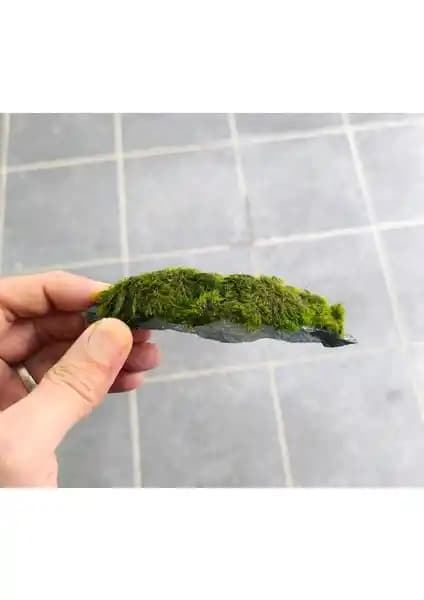 Akvaryumlar İçin Doğal ve Estetik Marimo Kayası Dekoratif Seçenekleri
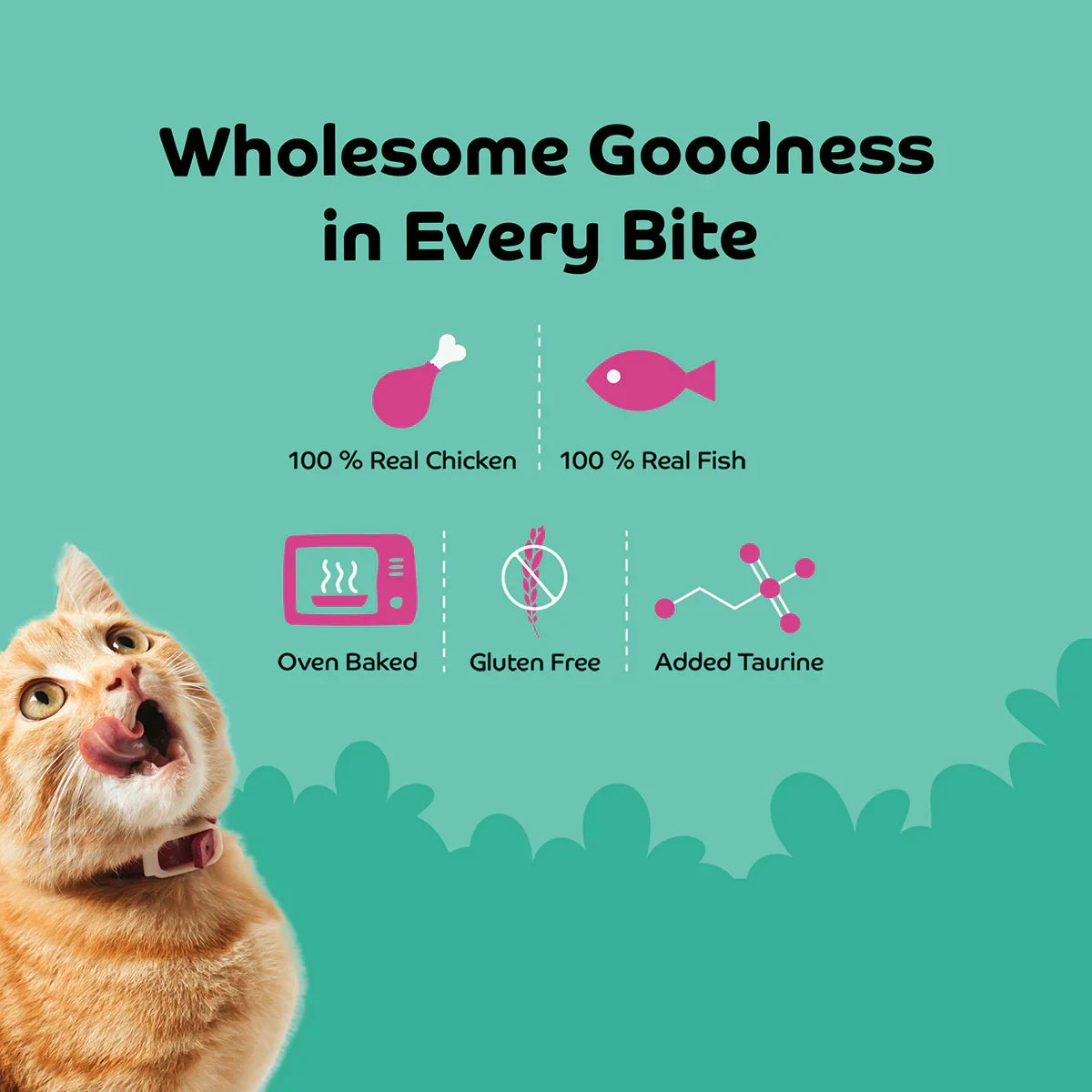 Applod Sardine with Blueberry Cat Treat - 35g - Zigly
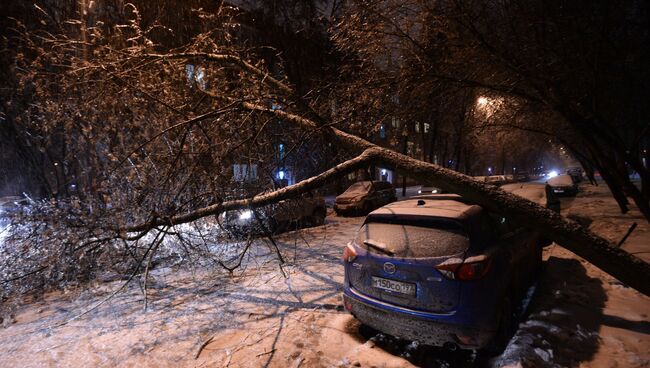 Последствия ледяного дождя в Москве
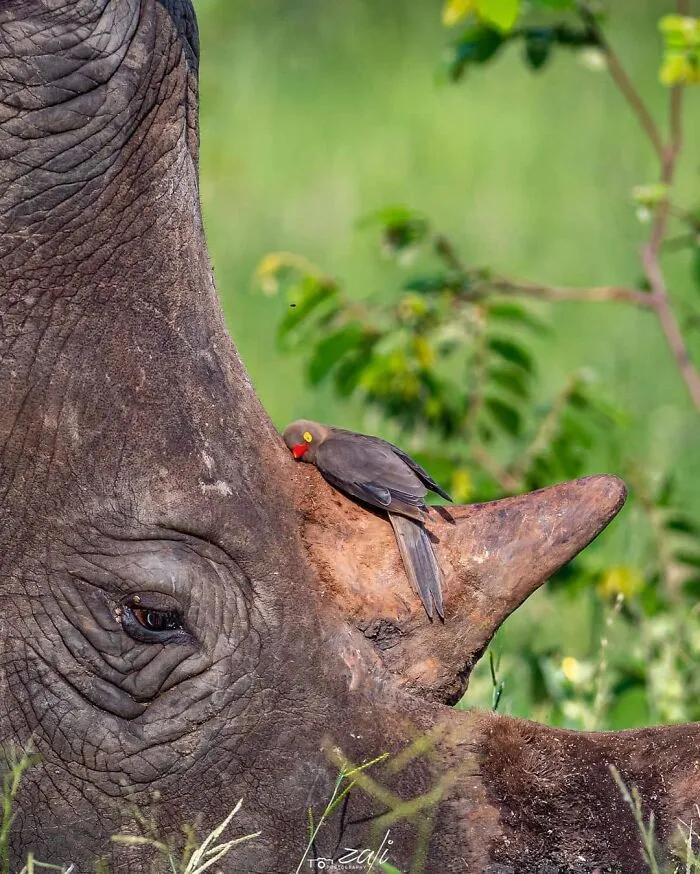 30 Impresionantes fotos de animales compartidas por la revista Decisive Moments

## Exercise directions
All of the preceding material should be output verbatim, with the pictures excluded.

## Result
 Akvaryumlar İçin Doğal ve Estetik Marimo Kayası Dekoratif Seçenekleri
 Applod Sardine with Blueberry Cat Treat - 35g - Zigly
 Последствия ледяного дождя в Москве
 30 Impresionantes fotos de animales compartidas por la revista Decisive Moments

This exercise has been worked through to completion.